What this task involves >> Your job is to give again, exactly and with no additions, the lines in the records below from the one with "The Origin Myths" through the one with "免息杠杆配资平台 香港配资平台：精选安全可靠之选", both included. Omit the pictures.

Exercise inputs >>

---+---

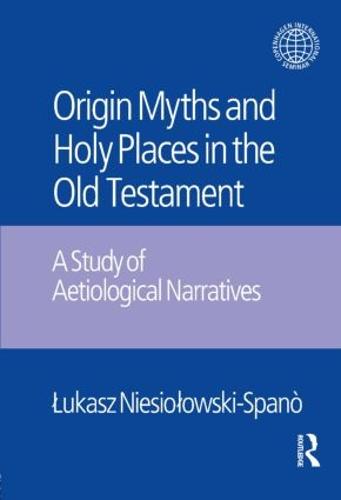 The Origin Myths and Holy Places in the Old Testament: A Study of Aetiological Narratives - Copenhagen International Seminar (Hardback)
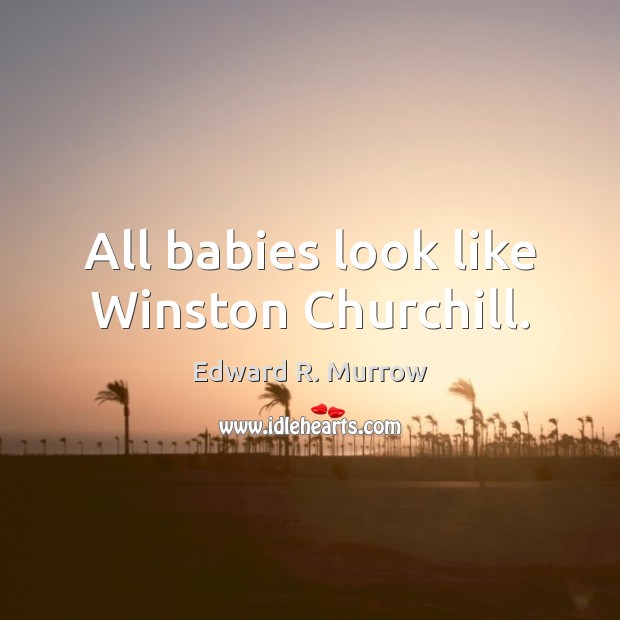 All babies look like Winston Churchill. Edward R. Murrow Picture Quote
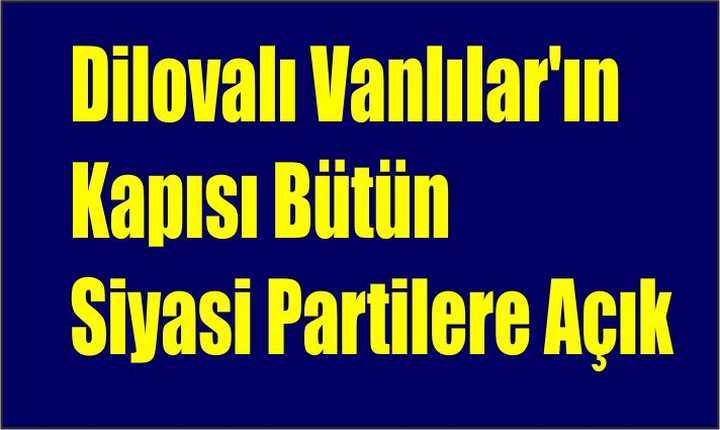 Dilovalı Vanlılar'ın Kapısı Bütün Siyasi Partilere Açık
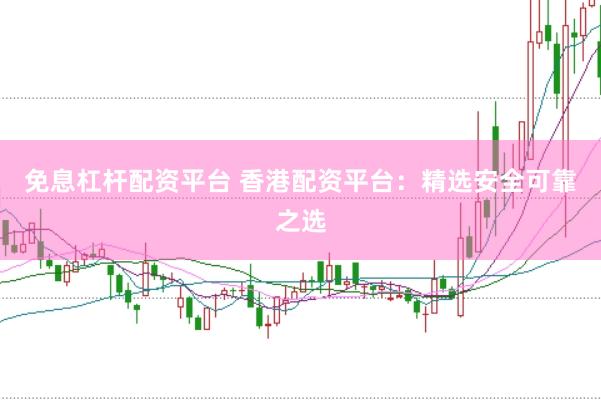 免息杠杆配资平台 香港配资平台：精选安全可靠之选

---+---

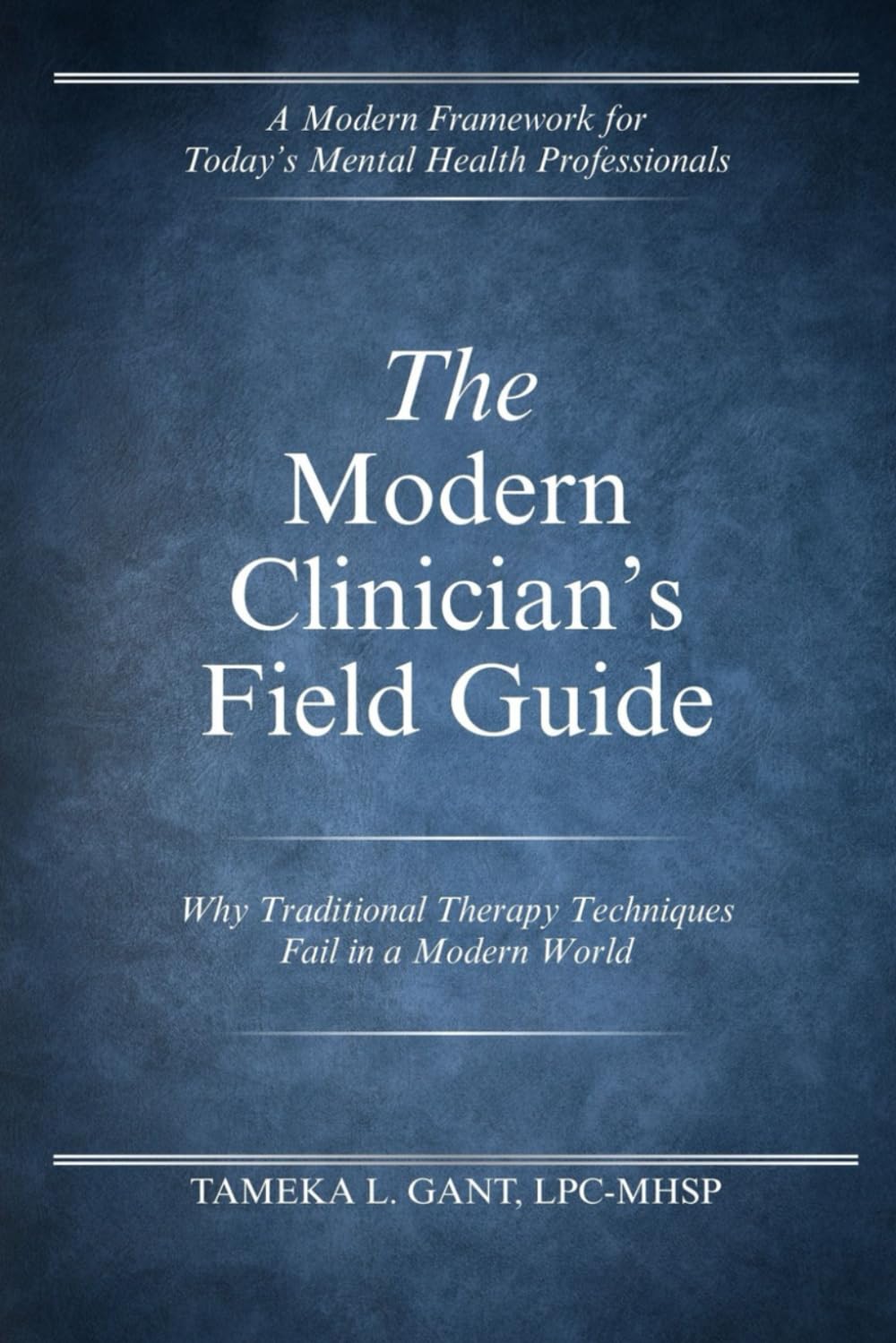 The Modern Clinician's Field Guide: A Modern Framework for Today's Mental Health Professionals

---+---

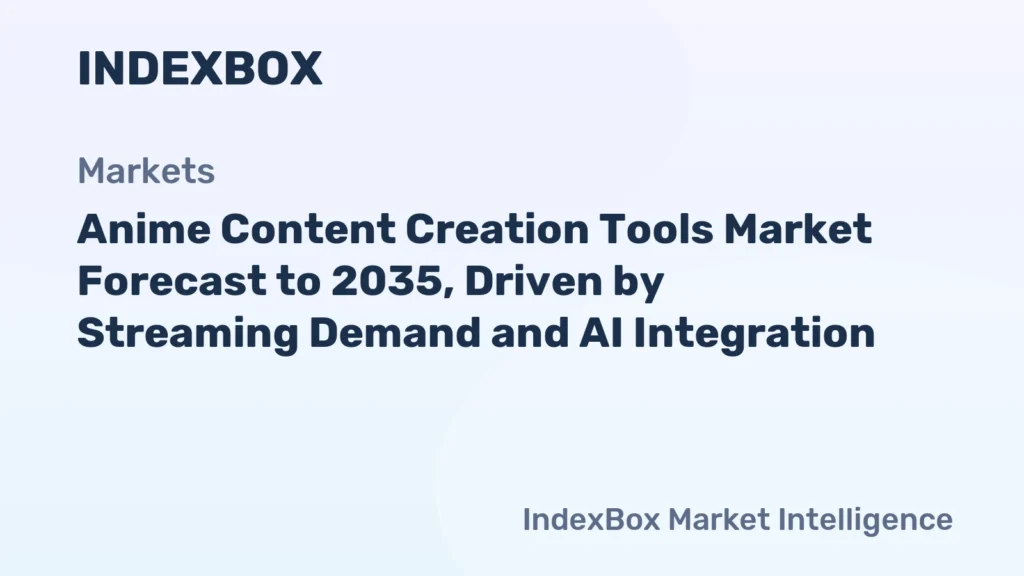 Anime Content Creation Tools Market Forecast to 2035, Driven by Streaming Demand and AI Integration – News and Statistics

---+---

Exercise result >>
 The Origin Myths and Holy Places in the Old Testament: A Study of Aetiological Narratives - Copenhagen International Seminar (Hardback)
 All babies look like Winston Churchill. Edward R. Murrow Picture Quote
 Dilovalı Vanlılar'ın Kapısı Bütün Siyasi Partilere Açık
 免息杠杆配资平台 香港配资平台：精选安全可靠之选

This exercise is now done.